> **EXERCISE DESCRIPTION**
Below are records with pictures. Reproduce exactly the lines from the line with "lululemon athletica Om" to the line with "Mercedes-Benz B W245", inclusive, and leave each picture out.

> **SOURCE DATA**
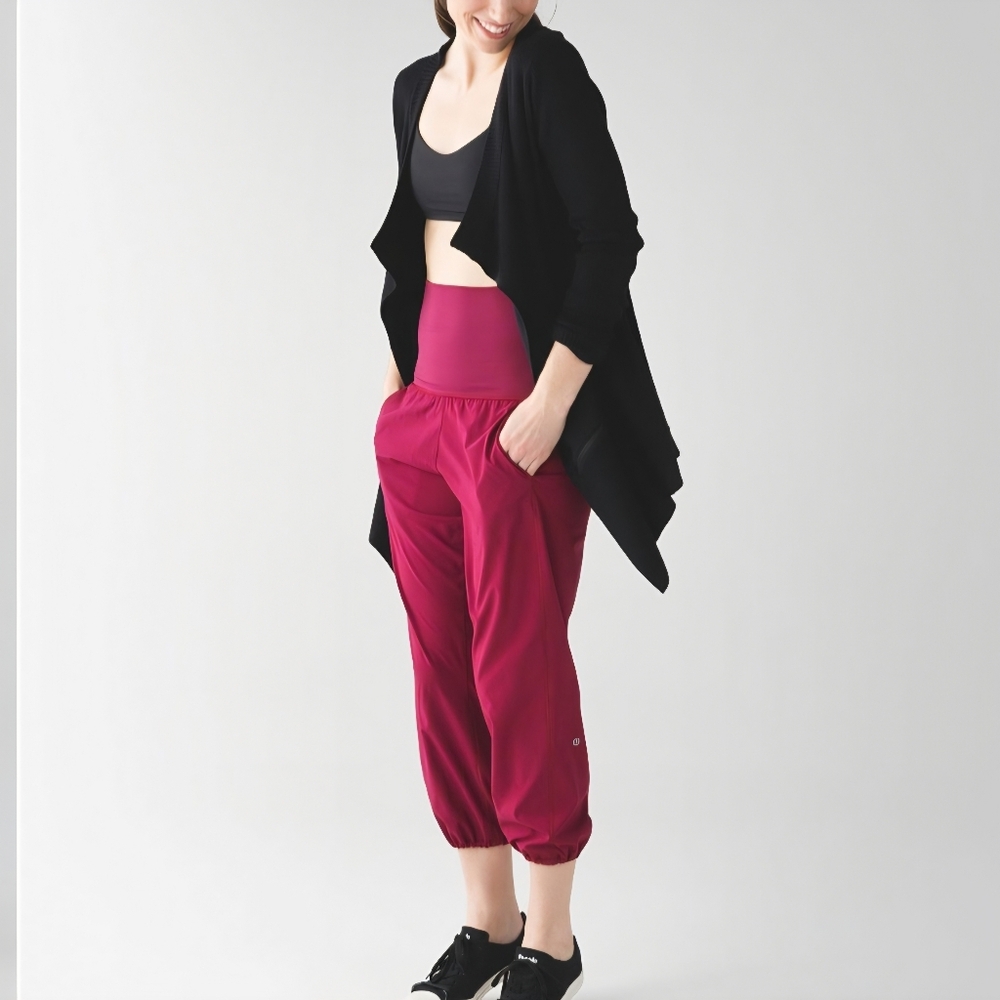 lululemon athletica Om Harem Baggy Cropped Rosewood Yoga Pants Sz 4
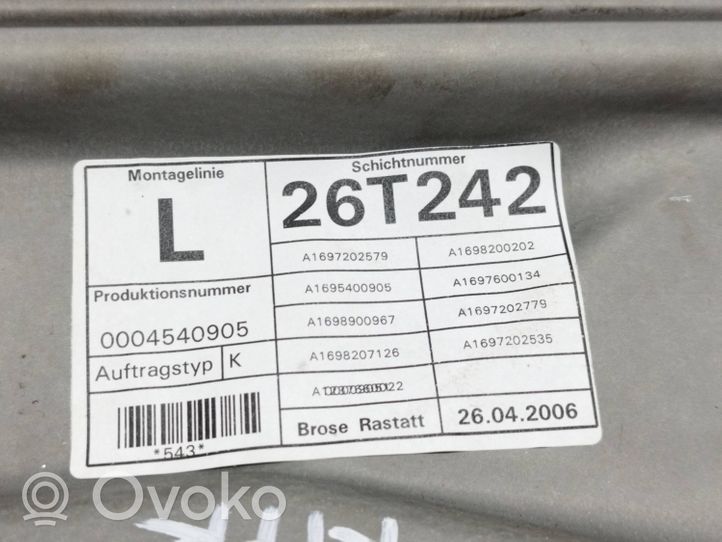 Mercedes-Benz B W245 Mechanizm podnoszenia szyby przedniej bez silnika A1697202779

---

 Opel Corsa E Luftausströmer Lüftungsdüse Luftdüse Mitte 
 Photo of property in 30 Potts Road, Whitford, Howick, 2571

> **SOLUTION TO THE PROBLEM**
 lululemon athletica Om Harem Baggy Cropped Rosewood Yoga Pants Sz 4
 Mercedes-Benz B W245 Mechanizm podnoszenia szyby przedniej bez silnika A1697202779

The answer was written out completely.